## What to produce
Restate the last part of the records below word for word, beginning at the line with "By Aurellian Wood" and ending at the final line.

[Brief descriptive captions]
--

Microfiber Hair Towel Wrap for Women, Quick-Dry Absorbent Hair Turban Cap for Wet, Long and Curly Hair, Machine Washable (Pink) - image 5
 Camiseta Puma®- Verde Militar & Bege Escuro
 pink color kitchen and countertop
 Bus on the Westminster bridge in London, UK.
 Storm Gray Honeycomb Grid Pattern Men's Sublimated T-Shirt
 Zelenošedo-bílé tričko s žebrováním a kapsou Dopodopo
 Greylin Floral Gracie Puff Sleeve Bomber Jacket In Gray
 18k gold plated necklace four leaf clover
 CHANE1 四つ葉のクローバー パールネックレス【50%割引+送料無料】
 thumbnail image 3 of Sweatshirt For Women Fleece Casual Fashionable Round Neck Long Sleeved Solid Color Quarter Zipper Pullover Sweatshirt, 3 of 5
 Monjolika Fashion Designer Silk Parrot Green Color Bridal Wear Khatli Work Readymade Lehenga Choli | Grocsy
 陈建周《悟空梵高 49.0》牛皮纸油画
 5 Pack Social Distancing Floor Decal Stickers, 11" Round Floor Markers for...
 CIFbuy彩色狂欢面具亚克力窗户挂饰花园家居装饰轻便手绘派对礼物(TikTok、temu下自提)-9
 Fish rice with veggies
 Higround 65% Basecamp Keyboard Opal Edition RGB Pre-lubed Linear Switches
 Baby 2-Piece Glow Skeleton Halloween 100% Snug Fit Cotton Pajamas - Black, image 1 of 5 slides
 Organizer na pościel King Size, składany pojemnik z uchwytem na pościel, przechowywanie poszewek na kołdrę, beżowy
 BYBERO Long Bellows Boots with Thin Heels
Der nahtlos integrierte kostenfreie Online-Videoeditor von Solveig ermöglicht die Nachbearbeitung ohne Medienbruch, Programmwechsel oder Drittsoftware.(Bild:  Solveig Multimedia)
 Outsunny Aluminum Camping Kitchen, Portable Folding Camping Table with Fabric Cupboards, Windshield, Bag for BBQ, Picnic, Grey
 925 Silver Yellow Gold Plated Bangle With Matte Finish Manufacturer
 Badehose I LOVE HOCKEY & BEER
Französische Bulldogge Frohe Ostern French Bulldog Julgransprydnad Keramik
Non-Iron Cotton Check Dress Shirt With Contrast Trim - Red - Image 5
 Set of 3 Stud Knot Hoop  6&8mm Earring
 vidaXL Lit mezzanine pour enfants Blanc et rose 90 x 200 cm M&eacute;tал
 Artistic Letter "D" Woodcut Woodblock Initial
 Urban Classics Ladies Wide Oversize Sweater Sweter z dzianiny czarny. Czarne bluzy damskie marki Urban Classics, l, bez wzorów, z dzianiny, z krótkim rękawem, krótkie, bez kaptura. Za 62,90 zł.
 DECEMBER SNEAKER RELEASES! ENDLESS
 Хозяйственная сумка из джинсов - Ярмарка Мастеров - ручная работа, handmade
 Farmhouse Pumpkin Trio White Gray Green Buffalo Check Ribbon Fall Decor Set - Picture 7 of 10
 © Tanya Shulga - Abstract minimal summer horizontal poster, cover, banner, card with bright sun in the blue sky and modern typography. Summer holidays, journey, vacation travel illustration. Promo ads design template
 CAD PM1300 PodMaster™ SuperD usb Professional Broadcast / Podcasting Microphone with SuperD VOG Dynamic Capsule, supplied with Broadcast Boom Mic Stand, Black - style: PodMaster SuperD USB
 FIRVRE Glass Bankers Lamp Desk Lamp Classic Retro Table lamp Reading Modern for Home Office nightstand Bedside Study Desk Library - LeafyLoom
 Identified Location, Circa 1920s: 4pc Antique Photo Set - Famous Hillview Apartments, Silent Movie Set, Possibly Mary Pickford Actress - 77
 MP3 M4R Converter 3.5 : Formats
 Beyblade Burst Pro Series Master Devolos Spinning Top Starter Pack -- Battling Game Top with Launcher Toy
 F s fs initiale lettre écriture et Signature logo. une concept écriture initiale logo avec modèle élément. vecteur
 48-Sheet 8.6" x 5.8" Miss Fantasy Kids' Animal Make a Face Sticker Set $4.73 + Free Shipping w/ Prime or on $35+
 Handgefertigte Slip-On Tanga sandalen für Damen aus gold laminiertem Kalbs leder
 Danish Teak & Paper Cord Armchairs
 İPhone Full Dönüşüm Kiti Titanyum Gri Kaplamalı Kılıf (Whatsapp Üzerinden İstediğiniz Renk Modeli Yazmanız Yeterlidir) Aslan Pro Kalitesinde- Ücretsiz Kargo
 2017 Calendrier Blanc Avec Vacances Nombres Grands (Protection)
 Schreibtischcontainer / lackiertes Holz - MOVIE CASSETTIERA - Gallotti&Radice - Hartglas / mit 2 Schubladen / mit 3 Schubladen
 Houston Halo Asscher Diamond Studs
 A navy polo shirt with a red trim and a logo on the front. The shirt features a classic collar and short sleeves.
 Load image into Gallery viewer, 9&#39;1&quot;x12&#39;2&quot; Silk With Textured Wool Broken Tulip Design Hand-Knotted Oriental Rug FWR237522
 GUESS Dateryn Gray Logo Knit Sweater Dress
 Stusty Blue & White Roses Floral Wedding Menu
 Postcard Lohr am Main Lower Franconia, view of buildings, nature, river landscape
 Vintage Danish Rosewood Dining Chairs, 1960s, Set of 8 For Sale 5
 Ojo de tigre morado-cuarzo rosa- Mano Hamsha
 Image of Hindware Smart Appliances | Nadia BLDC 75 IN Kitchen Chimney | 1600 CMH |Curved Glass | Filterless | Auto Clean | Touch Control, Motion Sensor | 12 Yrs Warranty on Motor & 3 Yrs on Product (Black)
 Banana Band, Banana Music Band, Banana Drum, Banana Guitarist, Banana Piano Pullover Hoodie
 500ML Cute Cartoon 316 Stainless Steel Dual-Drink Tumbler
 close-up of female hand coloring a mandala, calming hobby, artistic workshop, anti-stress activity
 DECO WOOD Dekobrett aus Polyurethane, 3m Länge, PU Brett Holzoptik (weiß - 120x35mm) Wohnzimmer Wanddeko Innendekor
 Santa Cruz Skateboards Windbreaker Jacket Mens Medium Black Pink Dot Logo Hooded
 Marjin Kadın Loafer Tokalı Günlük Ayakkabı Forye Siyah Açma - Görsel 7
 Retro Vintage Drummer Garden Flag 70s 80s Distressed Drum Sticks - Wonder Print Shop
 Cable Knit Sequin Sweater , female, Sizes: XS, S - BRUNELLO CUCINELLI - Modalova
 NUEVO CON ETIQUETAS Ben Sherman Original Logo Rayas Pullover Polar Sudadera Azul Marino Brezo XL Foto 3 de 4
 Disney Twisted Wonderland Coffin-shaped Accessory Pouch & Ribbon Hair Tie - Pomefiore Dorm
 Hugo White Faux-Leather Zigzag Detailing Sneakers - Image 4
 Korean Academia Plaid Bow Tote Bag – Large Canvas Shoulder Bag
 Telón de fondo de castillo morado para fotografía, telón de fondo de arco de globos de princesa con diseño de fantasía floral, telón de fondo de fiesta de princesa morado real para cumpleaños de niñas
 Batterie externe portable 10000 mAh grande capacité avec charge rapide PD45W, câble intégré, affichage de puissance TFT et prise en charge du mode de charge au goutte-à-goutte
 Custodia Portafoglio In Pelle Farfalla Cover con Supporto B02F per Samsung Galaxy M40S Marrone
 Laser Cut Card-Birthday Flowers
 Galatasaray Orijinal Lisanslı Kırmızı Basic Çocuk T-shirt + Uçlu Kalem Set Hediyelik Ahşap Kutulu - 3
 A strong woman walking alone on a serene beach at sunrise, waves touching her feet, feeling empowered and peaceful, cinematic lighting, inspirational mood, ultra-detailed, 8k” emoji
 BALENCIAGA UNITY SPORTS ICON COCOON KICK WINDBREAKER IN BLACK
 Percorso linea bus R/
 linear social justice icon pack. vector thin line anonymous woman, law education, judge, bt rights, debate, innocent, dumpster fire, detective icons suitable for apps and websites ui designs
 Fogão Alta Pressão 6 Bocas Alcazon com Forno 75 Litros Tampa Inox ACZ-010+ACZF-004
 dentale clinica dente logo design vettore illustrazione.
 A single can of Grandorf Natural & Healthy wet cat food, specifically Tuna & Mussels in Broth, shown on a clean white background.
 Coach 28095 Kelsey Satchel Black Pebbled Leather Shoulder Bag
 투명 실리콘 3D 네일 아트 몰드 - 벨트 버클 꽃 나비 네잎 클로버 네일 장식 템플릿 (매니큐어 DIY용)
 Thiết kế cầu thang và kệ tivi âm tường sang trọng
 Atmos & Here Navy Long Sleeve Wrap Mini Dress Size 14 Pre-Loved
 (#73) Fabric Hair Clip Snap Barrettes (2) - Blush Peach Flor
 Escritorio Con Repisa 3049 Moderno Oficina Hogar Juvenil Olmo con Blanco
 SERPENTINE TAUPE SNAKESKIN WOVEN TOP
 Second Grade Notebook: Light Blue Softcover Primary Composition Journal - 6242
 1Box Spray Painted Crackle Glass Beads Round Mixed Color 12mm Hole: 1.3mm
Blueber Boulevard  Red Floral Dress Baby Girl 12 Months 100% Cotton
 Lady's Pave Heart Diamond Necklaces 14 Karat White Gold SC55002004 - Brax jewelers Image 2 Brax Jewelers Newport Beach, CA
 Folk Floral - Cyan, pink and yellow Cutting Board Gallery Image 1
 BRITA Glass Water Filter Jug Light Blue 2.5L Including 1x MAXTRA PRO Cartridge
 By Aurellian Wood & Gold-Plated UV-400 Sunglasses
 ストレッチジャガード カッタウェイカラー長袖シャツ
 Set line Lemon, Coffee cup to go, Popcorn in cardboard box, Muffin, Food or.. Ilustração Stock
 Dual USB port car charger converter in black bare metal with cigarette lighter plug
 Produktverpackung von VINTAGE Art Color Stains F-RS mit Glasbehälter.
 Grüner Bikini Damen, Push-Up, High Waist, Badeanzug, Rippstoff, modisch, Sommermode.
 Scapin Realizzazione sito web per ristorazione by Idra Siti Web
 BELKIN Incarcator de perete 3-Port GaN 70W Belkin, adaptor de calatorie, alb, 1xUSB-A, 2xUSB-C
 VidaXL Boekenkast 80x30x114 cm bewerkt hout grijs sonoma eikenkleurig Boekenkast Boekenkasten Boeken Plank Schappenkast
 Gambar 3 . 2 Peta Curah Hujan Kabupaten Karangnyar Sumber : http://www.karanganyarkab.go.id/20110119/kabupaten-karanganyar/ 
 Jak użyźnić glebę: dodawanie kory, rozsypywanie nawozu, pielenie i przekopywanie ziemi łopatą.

--

## The answer
 By Aurellian Wood & Gold-Plated UV-400 Sunglasses
 ストレッチジャガード カッタウェイカラー長袖シャツ
 Set line Lemon, Coffee cup to go, Popcorn in cardboard box, Muffin, Food or.. Ilustração Stock
 Dual USB port car charger converter in black bare metal with cigarette lighter plug
 Produktverpackung von VINTAGE Art Color Stains F-RS mit Glasbehälter.
 Grüner Bikini Damen, Push-Up, High Waist, Badeanzug, Rippstoff, modisch, Sommermode.
 Scapin Realizzazione sito web per ristorazione by Idra Siti Web
 BELKIN Incarcator de perete 3-Port GaN 70W Belkin, adaptor de calatorie, alb, 1xUSB-A, 2xUSB-C
 VidaXL Boekenkast 80x30x114 cm bewerkt hout grijs sonoma eikenkleurig Boekenkast Boekenkasten Boeken Plank Schappenkast
 Gambar 3 . 2 Peta Curah Hujan Kabupaten Karangnyar Sumber : http://www.karanganyarkab.go.id/20110119/kabupaten-karanganyar/ 
 Jak użyźnić glebę: dodawanie kory, rozsypywanie nawozu, pielenie i przekopywanie ziemi łopatą.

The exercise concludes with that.